The 2017 Grammys Trophy Presenters Signal A Huge Step Forward For Inclusivity
The Grammy Awards have been going on since 1959, and it's maintained a pretty standard format over the years: performers get awarded for their yearly accomplishments, and sometimes they put on performances. But now the Grammys are looking to break tradition by changing up their trophy girls... and that's by challenging the common definition of "girl" to begin with. This year, the Grammy Awards will have a man and transgender woman among the trophy girls, allowing us to call them by the more appropriate term "trophy people." Finally.
This was announced formally in a statement Friday from president of the Recording Academy Neil Portnow. "To be honest, the idea of a 'trophy girl' has felt antiquated for some time now," he said. "Who wrote that rule anyway? The ability to present a trophy has nothing to do with one's gender." Instead of just simply grabbing headlines or pushing boundaries, Portnow vouches that the choice was about furthering social progress, to show that "music's universal power lies in its spirit of inclusion," and inclusivity is about embracing people regardless of gender.
Yes, it's a small gesture, but it's definitely a nice message to send a very mainstream audience back at home. So that all said, who exactly are this year's trophy people, anyway?
The Grammys' trophy trifecta is to include transgender model Martina Robledo, actress Hollin Haley, and model/actor Derek Marocco. Robledo was acutely aware of the significance of her presence, both proud that she was going to break into the spotlight as a transgender woman, but also knowing her appearance would be met with controversy. "I know it's going to make some people uncomfortable and make others weep for joy," she said. "I'm just going to step out there and strut and make sure I deliver my best, because there's people out there looking up to me."

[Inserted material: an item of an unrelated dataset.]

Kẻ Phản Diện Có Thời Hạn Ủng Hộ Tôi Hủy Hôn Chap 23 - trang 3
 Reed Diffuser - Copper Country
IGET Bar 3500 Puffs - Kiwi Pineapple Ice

This is a great mentality to carry, because, with such a big audience, you can't think that every little step towards representation possibly won't matter. Making sure to expand on the trophy person rule may seem trite in theory, but if the ceremony reaches even just one child who feels uncomfortable in their own skin until they see someone like Robledo in the public eye, it could make a difference. Representation matters, and progress, no matter how small, is important.
Perhaps in the future the Grammys will break down gender barriers within their own categories and everyone can compete on an equal platform. Who knows? Right now, I'm excited for this one win for inclusivity, and you can tune into see the trophy people (and, oh yeah, the actual performers) on Feb. 12 at 8 P.M. on CBS.